Stability and Versioning Guarantees

While we've used this library to build multiple applications internally, there's still room for API tweaks and improvements as we find better ways to solve problems. These will be backwards compatible when possible and should require only minor changes when not.

Releases will be tagged periodically and will follow semantic versioning, with new major versions tagged after any backwards-incompatible changes. Still, we recommend vendoring this library to avoid surprises.

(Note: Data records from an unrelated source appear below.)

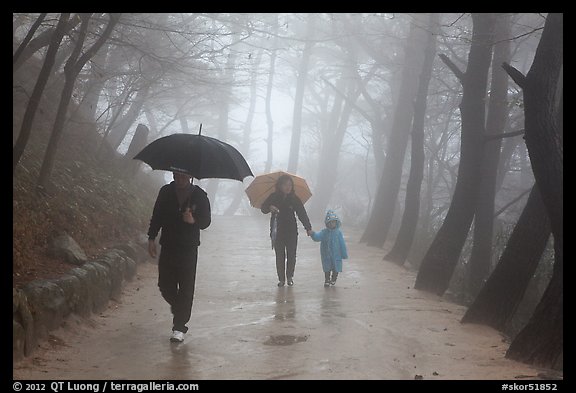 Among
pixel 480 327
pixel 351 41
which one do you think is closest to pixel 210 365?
pixel 480 327

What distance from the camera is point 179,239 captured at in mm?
6508

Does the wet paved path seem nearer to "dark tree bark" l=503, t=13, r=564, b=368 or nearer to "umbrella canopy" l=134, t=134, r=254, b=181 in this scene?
"dark tree bark" l=503, t=13, r=564, b=368

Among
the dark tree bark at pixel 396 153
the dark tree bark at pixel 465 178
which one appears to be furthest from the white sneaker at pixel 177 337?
the dark tree bark at pixel 396 153

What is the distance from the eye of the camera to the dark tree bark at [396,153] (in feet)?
61.8

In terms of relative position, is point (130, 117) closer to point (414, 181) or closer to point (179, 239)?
point (414, 181)

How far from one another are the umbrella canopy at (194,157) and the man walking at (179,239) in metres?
0.19

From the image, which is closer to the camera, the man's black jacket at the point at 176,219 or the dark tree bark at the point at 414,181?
the man's black jacket at the point at 176,219

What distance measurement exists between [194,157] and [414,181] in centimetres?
1036

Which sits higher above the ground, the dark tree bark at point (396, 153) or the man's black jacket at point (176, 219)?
the dark tree bark at point (396, 153)

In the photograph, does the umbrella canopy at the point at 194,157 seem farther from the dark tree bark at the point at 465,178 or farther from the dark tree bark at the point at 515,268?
the dark tree bark at the point at 465,178

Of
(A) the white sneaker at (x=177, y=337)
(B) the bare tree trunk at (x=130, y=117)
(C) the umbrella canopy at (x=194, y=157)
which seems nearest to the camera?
(C) the umbrella canopy at (x=194, y=157)

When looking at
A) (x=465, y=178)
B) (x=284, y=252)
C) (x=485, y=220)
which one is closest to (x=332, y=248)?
(x=284, y=252)

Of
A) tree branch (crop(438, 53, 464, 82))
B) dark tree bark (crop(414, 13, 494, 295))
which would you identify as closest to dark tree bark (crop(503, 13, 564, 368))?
tree branch (crop(438, 53, 464, 82)) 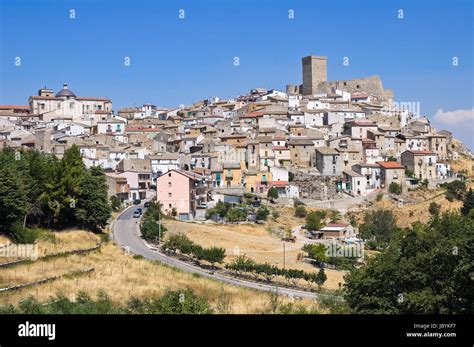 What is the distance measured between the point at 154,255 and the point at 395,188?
2239 cm

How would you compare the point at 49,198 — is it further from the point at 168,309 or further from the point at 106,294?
the point at 168,309

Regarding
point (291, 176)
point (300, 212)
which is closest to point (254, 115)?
point (291, 176)

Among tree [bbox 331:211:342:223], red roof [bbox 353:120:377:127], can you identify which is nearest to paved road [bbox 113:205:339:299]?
tree [bbox 331:211:342:223]

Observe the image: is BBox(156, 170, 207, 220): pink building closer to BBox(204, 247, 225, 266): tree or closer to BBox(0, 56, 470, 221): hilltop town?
BBox(0, 56, 470, 221): hilltop town

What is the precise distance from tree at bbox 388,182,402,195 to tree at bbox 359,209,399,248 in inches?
136

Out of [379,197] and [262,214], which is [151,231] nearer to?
[262,214]

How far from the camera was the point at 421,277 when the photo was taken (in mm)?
11023

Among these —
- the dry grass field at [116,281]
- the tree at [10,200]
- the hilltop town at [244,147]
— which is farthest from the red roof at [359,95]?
the tree at [10,200]

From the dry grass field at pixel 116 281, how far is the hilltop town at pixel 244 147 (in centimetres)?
1263

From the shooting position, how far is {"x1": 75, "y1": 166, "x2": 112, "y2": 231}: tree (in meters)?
23.5

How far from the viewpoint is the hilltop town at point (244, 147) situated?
126 feet

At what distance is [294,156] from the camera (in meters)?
43.9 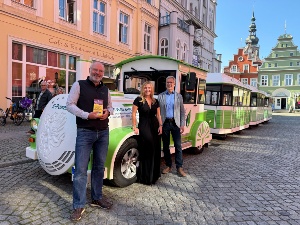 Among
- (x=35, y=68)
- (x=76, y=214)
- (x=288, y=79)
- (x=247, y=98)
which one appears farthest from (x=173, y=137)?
(x=288, y=79)

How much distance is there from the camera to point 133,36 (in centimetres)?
2103

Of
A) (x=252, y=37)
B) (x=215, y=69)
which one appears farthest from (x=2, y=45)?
(x=252, y=37)

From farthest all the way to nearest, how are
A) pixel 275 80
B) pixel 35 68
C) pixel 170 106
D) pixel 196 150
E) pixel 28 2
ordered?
pixel 275 80
pixel 35 68
pixel 28 2
pixel 196 150
pixel 170 106

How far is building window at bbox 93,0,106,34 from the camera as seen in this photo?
56.7ft

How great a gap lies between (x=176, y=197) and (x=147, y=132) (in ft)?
3.88

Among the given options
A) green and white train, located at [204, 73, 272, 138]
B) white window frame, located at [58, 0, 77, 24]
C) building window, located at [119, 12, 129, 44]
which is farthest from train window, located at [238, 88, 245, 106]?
building window, located at [119, 12, 129, 44]

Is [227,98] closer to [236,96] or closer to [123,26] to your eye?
[236,96]

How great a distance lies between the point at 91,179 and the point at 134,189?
1062mm

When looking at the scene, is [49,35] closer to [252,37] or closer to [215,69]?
[215,69]

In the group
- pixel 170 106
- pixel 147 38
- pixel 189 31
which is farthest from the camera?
pixel 189 31

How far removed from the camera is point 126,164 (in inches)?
177

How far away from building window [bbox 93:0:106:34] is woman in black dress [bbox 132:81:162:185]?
1426 cm

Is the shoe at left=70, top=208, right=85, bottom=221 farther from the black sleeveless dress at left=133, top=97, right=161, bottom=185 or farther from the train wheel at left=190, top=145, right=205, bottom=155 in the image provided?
the train wheel at left=190, top=145, right=205, bottom=155

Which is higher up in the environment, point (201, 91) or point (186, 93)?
point (201, 91)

In general, fixes will only be applied to trunk and future releases, not backported to older versions.

Contributing

Contributions and issues are welcome. For new features or large contributions, we prefer discussing the proposed change on a GitHub issue prior to a PR.

New functionality should avoid adding new dependencies if possible and should be broadly useful. Feature requests that are specific to certain uses will likely be declined unless they can be redesigned to be generic or optional.

Before submitting a pull request, please run tests and style checks:

./godelw verify

License

This library is made available under the Apache 2.0 License.